## Your objective
Find the line containing "Lamborghini Countach LPI" in the entries below. Restate it and each line after it, word for word, up to and including the line containing "helle blaue Töne".
── Records provided ──
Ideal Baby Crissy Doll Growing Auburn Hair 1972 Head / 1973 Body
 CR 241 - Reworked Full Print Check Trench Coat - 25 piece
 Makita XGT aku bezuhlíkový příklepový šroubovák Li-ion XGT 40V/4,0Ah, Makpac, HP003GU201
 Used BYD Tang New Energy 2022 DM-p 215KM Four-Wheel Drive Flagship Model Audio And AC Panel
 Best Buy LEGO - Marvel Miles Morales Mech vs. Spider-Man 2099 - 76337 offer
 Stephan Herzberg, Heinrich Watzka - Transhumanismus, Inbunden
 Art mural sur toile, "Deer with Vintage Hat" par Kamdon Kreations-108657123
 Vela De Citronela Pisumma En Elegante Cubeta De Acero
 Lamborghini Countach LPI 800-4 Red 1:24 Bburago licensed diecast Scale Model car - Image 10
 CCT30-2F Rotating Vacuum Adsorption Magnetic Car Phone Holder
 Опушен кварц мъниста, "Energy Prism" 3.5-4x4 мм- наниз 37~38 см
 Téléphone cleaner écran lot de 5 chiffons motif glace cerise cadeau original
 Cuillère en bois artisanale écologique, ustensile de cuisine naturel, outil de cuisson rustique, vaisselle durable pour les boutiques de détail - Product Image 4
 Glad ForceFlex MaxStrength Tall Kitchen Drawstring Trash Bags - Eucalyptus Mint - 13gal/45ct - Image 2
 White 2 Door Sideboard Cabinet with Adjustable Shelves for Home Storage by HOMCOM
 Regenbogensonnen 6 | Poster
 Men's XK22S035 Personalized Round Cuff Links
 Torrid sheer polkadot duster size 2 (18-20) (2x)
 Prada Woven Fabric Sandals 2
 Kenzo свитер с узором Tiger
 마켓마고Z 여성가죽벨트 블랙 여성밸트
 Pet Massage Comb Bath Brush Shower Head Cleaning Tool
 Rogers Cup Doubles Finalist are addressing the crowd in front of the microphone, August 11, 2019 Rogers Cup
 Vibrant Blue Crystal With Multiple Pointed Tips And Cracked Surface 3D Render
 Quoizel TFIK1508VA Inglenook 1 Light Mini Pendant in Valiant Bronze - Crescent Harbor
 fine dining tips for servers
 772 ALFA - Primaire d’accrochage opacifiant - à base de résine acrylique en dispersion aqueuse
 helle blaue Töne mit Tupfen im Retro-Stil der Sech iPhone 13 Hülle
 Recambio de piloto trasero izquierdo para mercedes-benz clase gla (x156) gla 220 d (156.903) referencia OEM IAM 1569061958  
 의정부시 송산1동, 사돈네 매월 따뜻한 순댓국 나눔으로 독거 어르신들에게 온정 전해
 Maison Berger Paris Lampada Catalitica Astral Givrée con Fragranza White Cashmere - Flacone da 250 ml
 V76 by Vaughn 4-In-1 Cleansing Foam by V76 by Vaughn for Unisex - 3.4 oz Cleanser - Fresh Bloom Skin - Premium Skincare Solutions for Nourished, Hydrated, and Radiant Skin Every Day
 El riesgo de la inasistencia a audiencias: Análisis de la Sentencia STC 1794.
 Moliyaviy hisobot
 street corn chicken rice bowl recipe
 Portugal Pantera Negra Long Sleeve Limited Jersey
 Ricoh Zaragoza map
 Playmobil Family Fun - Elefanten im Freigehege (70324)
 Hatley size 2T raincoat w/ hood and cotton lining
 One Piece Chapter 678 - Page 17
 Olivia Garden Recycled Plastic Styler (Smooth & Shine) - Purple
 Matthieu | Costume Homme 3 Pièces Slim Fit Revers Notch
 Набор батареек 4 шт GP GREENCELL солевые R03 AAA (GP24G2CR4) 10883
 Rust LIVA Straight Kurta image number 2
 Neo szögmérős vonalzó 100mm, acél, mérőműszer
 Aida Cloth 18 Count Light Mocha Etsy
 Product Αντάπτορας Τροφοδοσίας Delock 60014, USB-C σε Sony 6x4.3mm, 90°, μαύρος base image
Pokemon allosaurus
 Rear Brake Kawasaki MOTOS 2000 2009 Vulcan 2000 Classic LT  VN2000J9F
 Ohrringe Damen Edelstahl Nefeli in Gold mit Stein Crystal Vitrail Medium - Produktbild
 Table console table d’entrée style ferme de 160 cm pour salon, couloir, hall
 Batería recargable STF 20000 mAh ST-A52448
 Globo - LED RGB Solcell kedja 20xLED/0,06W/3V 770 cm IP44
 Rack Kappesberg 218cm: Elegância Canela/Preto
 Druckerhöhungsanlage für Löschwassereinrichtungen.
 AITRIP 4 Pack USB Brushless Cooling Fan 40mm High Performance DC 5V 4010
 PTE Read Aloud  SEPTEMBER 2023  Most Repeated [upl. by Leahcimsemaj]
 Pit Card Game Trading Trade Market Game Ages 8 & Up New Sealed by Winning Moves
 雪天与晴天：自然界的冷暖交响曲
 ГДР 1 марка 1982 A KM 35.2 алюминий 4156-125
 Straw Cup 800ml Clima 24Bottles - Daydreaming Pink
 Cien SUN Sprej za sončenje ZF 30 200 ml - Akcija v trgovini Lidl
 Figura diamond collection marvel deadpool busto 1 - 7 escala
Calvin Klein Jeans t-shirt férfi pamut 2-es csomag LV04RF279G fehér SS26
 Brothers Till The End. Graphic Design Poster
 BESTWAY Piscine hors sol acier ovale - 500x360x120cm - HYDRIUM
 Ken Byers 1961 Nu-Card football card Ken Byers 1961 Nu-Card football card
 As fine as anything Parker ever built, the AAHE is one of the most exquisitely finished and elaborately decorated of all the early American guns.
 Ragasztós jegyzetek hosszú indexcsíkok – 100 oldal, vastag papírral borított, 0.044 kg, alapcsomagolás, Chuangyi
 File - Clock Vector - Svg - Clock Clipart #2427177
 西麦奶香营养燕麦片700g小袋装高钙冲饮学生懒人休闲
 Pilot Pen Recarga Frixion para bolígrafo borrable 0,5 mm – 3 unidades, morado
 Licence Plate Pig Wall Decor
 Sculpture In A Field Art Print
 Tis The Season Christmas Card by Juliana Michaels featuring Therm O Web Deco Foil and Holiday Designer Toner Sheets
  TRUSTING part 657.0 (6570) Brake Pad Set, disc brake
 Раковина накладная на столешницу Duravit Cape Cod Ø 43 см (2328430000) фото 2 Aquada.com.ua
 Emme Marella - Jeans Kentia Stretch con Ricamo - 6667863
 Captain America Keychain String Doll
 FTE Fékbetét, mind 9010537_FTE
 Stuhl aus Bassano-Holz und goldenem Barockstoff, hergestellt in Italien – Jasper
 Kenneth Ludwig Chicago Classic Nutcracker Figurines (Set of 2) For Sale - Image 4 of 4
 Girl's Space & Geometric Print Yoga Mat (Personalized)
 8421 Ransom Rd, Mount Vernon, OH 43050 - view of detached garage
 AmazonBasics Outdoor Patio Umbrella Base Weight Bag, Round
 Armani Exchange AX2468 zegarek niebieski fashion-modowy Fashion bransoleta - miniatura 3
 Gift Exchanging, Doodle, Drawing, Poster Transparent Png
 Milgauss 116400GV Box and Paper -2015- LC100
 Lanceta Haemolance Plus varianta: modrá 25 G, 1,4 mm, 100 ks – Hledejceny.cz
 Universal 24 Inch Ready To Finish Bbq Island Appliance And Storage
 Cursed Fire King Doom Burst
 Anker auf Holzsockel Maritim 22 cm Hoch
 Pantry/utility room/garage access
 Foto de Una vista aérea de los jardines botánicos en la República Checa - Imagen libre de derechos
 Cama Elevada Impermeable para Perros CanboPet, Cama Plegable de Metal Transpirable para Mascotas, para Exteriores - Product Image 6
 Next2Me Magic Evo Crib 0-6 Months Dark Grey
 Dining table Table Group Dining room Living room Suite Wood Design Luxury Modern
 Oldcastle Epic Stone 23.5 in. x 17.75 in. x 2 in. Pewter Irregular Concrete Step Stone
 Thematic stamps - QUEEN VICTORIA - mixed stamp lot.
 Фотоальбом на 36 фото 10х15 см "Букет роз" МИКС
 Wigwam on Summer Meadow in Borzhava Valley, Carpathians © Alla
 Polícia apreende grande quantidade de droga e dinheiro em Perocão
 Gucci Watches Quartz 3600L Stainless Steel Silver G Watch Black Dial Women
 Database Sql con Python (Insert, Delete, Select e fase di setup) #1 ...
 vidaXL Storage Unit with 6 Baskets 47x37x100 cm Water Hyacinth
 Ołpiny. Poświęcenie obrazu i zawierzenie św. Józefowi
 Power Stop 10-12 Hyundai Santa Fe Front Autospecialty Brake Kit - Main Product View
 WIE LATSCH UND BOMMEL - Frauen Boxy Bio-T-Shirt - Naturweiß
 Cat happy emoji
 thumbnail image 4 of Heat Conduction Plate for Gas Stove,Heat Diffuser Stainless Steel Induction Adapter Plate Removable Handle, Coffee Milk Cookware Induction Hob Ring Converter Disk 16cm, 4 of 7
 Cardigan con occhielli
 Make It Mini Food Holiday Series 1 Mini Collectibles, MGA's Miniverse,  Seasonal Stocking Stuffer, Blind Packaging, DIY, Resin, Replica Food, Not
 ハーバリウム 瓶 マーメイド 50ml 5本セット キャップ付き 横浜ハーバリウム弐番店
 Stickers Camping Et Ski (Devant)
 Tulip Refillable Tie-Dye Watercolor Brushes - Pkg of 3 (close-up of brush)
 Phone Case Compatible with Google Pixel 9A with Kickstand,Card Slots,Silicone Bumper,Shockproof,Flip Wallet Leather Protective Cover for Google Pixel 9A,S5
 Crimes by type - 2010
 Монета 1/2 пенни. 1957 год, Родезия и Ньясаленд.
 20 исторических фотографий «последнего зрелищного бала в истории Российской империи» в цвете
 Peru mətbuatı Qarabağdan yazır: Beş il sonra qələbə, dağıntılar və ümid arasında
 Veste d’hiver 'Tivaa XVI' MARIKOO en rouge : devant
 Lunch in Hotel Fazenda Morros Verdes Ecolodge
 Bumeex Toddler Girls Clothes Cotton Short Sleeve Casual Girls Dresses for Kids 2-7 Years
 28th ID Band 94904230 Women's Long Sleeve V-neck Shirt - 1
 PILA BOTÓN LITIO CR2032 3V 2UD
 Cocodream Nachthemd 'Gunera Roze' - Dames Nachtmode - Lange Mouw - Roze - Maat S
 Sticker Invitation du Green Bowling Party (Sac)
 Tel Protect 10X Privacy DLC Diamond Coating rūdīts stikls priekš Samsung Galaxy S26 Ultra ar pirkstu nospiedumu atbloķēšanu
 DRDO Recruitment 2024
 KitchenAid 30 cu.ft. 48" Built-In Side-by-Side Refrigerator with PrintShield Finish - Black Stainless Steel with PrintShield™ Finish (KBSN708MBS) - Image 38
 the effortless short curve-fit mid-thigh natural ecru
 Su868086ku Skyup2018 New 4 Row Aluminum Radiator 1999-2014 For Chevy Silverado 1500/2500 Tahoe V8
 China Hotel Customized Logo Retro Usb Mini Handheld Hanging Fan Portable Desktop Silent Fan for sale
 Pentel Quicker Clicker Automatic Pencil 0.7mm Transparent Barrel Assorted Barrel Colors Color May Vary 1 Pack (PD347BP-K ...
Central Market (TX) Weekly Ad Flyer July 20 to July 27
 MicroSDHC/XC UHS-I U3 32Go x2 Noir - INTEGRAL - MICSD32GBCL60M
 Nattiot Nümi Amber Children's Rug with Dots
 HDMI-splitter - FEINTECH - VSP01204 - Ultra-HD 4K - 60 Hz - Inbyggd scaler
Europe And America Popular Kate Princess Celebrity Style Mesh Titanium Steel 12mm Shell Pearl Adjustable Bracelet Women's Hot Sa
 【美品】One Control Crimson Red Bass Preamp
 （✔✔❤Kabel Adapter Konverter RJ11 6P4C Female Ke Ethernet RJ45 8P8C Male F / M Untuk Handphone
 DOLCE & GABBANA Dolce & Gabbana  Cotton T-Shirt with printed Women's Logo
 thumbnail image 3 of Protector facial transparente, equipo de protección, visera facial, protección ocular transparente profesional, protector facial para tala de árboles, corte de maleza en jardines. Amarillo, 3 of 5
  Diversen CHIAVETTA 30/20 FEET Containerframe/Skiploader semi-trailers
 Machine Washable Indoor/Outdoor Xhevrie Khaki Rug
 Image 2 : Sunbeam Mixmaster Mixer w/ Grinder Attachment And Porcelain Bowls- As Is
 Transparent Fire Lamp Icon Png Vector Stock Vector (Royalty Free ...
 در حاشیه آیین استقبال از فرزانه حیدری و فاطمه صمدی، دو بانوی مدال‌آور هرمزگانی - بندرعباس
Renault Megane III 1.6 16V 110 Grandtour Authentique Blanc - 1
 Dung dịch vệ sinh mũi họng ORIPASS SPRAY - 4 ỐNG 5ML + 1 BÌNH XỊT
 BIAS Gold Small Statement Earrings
───
## Finished exercise
 Lamborghini Countach LPI 800-4 Red 1:24 Bburago licensed diecast Scale Model car - Image 10
 CCT30-2F Rotating Vacuum Adsorption Magnetic Car Phone Holder
 Опушен кварц мъниста, "Energy Prism" 3.5-4x4 мм- наниз 37~38 см
 Téléphone cleaner écran lot de 5 chiffons motif glace cerise cadeau original
 Cuillère en bois artisanale écologique, ustensile de cuisine naturel, outil de cuisson rustique, vaisselle durable pour les boutiques de détail - Product Image 4
 Glad ForceFlex MaxStrength Tall Kitchen Drawstring Trash Bags - Eucalyptus Mint - 13gal/45ct - Image 2
 White 2 Door Sideboard Cabinet with Adjustable Shelves for Home Storage by HOMCOM
 Regenbogensonnen 6 | Poster
 Men's XK22S035 Personalized Round Cuff Links
 Torrid sheer polkadot duster size 2 (18-20) (2x)
 Prada Woven Fabric Sandals 2
 Kenzo свитер с узором Tiger
 마켓마고Z 여성가죽벨트 블랙 여성밸트
 Pet Massage Comb Bath Brush Shower Head Cleaning Tool
 Rogers Cup Doubles Finalist are addressing the crowd in front of the microphone, August 11, 2019 Rogers Cup
 Vibrant Blue Crystal With Multiple Pointed Tips And Cracked Surface 3D Render
 Quoizel TFIK1508VA Inglenook 1 Light Mini Pendant in Valiant Bronze - Crescent Harbor
 fine dining tips for servers
 772 ALFA - Primaire d’accrochage opacifiant - à base de résine acrylique en dispersion aqueuse
 helle blaue Töne mit Tupfen im Retro-Stil der Sech iPhone 13 Hülle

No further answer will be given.